CENTCOM's Kenneth McKenzie supports a very broad mission for America in the Middle East. Is it any wonder we haven't left?
General Kenneth McKenzie

The United States must maintain an aggressive posture toward Iran and prolong its military intervention in Iraq indefinitely, CENTCOM Commander General Kenneth F. McKenzie Jr. argued in a livestreamed conversation with the Middle East Institute on Wednesday. This high-ranking support for demonstrably failed strategies—and the specious arguments McKenzie advanced to support them—are an ill omen for U.S. foreign policy. If McKenzie and those who share his thinking get their way, our government will continue to waste blood and treasure on reckless antagonism.
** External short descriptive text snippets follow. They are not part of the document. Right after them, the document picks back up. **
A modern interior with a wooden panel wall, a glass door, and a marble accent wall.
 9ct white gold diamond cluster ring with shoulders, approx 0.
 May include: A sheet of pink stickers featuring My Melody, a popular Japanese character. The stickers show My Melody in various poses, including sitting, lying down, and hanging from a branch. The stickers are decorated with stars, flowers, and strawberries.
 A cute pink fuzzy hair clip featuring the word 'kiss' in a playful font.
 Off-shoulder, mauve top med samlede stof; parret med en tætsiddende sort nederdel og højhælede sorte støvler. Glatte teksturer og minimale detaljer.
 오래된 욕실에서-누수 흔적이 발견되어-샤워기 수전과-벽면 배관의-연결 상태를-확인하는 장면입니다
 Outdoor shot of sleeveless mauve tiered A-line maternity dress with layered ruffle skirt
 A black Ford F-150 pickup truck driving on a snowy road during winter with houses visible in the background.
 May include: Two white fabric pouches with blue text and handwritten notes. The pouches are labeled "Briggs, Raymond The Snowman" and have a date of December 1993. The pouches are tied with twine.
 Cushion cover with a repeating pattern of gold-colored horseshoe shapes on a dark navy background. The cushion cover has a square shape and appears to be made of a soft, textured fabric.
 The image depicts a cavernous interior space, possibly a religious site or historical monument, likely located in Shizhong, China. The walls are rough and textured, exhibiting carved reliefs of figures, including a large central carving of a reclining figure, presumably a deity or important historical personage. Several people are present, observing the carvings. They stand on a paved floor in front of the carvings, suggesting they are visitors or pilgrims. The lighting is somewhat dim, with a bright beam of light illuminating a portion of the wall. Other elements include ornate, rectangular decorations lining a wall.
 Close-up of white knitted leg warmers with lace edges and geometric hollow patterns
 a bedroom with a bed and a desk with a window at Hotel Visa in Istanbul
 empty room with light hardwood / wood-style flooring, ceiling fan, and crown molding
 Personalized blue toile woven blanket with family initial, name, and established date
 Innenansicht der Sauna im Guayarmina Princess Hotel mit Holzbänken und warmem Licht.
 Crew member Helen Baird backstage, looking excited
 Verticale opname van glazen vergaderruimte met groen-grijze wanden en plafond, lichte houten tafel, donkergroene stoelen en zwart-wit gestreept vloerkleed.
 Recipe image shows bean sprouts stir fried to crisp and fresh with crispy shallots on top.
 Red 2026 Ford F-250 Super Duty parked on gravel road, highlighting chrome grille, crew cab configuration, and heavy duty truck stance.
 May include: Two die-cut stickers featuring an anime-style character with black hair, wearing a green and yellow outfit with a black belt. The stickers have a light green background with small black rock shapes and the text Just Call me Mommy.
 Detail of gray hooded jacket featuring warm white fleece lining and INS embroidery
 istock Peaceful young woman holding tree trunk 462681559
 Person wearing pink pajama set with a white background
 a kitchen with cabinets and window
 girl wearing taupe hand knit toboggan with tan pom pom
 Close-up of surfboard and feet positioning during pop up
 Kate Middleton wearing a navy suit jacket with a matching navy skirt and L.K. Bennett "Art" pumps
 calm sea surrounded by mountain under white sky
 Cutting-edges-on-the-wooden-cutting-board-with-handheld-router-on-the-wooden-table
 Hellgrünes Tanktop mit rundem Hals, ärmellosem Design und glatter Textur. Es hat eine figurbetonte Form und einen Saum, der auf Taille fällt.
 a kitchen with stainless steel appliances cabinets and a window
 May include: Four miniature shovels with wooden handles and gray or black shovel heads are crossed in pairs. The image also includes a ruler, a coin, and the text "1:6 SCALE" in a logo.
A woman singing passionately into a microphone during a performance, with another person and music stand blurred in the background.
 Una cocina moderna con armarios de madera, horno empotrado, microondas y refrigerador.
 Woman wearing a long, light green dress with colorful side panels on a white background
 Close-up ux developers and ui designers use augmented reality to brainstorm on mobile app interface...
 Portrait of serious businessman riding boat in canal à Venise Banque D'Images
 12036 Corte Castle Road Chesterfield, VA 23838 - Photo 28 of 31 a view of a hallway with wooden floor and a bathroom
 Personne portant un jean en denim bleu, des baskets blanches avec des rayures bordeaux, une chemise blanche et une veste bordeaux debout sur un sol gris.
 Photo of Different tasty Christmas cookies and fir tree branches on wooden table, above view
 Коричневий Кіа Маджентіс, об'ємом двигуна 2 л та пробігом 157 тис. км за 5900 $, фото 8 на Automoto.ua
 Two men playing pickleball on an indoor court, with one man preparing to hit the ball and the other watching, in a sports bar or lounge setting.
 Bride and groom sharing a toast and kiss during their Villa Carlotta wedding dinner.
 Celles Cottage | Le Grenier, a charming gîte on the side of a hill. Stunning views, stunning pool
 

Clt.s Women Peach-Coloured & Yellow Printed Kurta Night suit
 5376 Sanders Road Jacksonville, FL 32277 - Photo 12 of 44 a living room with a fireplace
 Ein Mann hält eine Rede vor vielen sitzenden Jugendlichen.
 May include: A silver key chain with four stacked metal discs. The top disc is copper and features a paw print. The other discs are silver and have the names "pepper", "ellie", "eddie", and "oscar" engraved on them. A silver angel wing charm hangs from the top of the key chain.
Nearly reciting from CENTCOM’s “priorities” brief, McKenzie described U.S.-Iran relations as in a state of “contested deterrence,” which “really obtained from the January exchange where we [killed Iranian General Qassem] Soleimani, and they attacked our forces at Erbil and also at Al Asad Airbase.” The Soleimani strike broke a cycle of escalation, he argued, because “the Iranians have had to recalculate…just what we’re willing to do.”

As he elaborated, however, McKenzie’s case unraveled.

He claimed the Soleimani assassination re-established deterrence, but he did so only by reversing the order of events. “In 2019,” he said, “we saw state-on-state attacks generated from Iran against Saudi Arabia—the Aramco attack—and then we saw a state-on-state attack against us in early January—you know, in Iraq, when they attacked the Al Asad Airbase—so I believe right now they are deterred from undertaking those activities, because they have seen that we have both the capability and the will to respond.”

It’s a compelling narrative until you notice the order of McKenzie’s telling (Aramco, Al Asad, Soleimani) is not the order in which the events occurred (Aramco, Soleimani, Al Asad).

How can the Soleimani hit be said to establish deterrence to prevent attacks like the Al Asad strike if the Al Asad strike took place after Soleimani was killed? (In fact, the strike was a direct response to Soleimani’s death, albeit one calculated to avoid plunging into outright war.) This reversal McKenzie uses is a clumsy abuse of chronology.

The better explanation for Iran’s decision to at least temporarily scale down its regional troublemaking in 2020 as compared to 2019 is threefold.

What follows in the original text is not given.